PDF(Pubmed)
Abstract:
Interleukin-2 receptor alpha (IL2RA) defect (OMIM- # 606367) is an immune disease where affected patients are vulnerable to developing recurrent microbial infections in addition to lymphadenopathy and dermatological manifestations. This condition is known to be caused by pathogenic variants in the IL2RA gene, which are inherited in an autosomal recessive fashion. In this case report, we present a patient with IL2RA defect from Saudi Arabia who presented with chronic diarrhea, poor weight gain, mild villous atrophy, malnutrition, hepatomegaly, nonspecific inflammation, and an eczematous skin rash.

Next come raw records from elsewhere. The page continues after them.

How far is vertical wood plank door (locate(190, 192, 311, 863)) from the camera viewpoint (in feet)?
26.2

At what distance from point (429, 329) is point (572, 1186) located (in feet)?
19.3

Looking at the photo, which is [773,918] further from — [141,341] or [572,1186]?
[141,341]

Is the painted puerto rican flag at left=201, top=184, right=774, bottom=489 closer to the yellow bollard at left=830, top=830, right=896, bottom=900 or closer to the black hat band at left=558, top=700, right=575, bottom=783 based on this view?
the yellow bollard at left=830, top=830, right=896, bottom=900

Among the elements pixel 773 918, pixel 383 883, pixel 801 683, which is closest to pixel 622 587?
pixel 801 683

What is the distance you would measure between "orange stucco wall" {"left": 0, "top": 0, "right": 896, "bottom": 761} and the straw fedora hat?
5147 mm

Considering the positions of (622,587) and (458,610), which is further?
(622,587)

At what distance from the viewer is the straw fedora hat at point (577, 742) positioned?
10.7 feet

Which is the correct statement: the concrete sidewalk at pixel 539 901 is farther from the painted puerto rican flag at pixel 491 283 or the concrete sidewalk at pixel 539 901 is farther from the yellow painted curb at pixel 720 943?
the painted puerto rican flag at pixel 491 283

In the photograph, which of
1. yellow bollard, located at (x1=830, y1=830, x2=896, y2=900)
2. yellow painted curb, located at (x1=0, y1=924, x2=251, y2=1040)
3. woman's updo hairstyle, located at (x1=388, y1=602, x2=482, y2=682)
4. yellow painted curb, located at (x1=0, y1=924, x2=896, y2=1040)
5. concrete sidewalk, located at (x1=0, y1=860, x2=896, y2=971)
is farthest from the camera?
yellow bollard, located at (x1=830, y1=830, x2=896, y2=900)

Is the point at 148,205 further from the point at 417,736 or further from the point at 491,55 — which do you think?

His genetic analysis revealed a novel, homozygous, and likely pathogenic variant, that is, c.504 C>A (Cys168Ter), located in the exon 4of the IL2RA gene, which was inherited from his parents in an autosomal recessive mode of inheritance. This variant produces a 272-amino-acid shorter IL2RA protein chain, which most likely becomes degraded in the cytosol. Thus, we assume that the c.504 C>A is a null allele that abolishes the synthesis of IL2RA, malforms the IL-2 receptor complex, and eventually causes immunodeficiency manifestations. To our knowledge, this is the first time a person with IL2RA defect has shown signs of granulomatous hepatitis on a liver biopsy.
摘要:
白细胞介素-2受体α(IL2RA)缺陷(0MIMM-#606367)是一种免疫疾病,其中受影响的患者除了淋巴结病和皮肤病表现之外还容易发生复发性微生物感染。已知这种情况是由IL2RA基因的致病变体引起的,以常染色体隐性方式遗传。在这个案例报告中,我们介绍了一位来自沙特阿拉伯的IL2RA缺陷患者,他表现为慢性腹泻,体重增加不良,轻度绒毛萎缩,营养不良,肝肿大,非特异性炎症,还有湿疹性皮疹.他的基因分析揭示了一部小说,纯合子,和可能的致病变异,也就是说,c.504C>A(Cys168Ter),位于IL2RA基因的外显子4,是以常染色体隐性遗传方式遗传他的父母.该变体产生272个氨基酸的较短IL2RA蛋白链,最有可能在细胞质中降解。因此,我们假设c.504C>A是一个无效等位基因,它消除了IL2RA的合成,畸形IL-2受体复合物,并最终导致免疫缺陷表现。据我们所知,这是IL2RA缺陷患者首次在肝活检中显示肉芽肿性肝炎的迹象.